Your task: Repeat the listing exactly. Pictures stay out of your copy.

Recorded data:
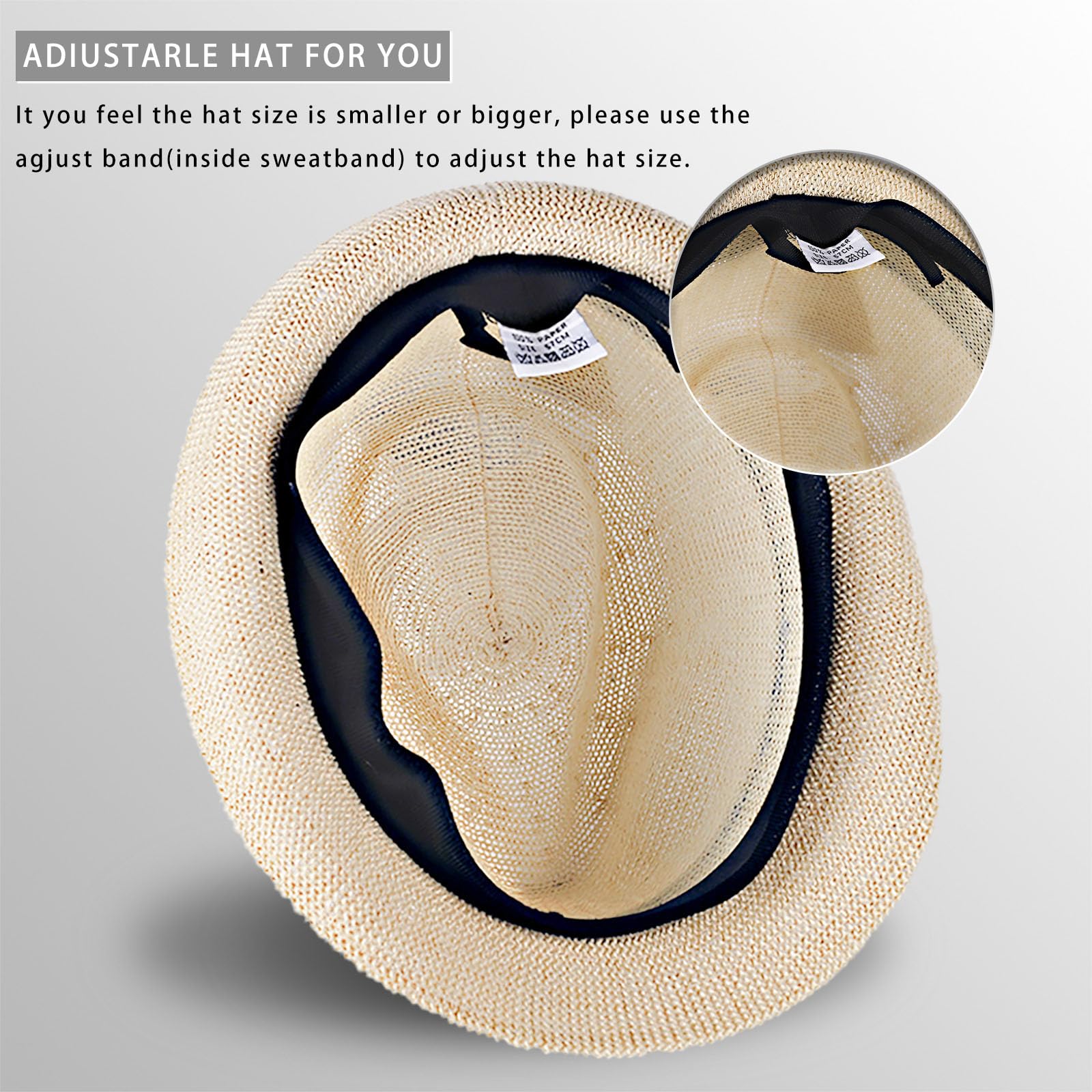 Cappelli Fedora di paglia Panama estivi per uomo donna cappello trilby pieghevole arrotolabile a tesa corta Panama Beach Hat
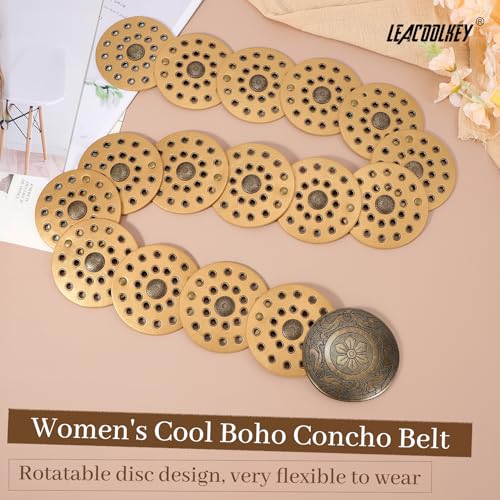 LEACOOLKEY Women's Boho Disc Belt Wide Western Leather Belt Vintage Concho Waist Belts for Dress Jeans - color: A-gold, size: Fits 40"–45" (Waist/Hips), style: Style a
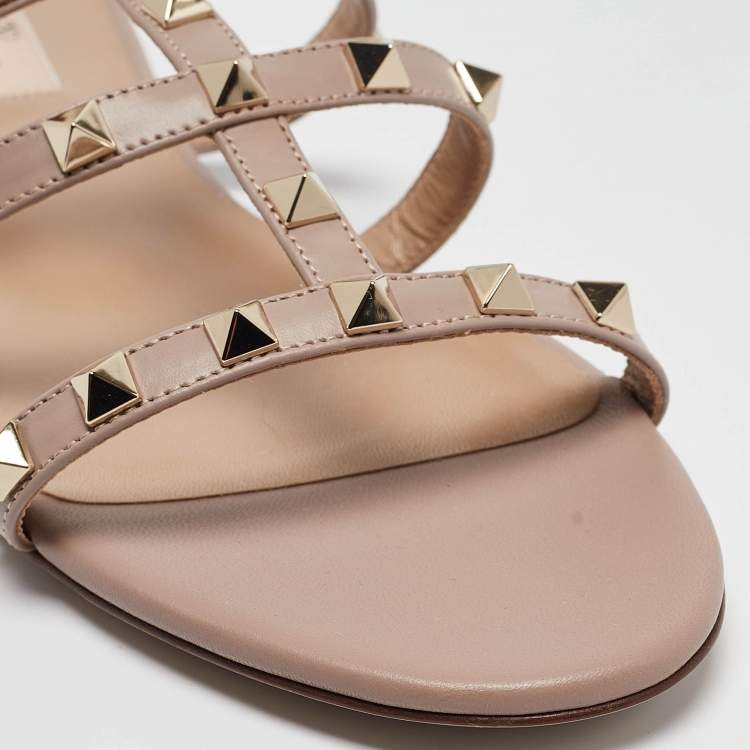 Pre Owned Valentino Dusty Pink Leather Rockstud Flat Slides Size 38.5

Your response:
 Cappelli Fedora di paglia Panama estivi per uomo donna cappello trilby pieghevole arrotolabile a tesa corta Panama Beach Hat
 LEACOOLKEY Women's Boho Disc Belt Wide Western Leather Belt Vintage Concho Waist Belts for Dress Jeans - color: A-gold, size: Fits 40"–45" (Waist/Hips), style: Style a
 Pre Owned Valentino Dusty Pink Leather Rockstud Flat Slides Size 38.5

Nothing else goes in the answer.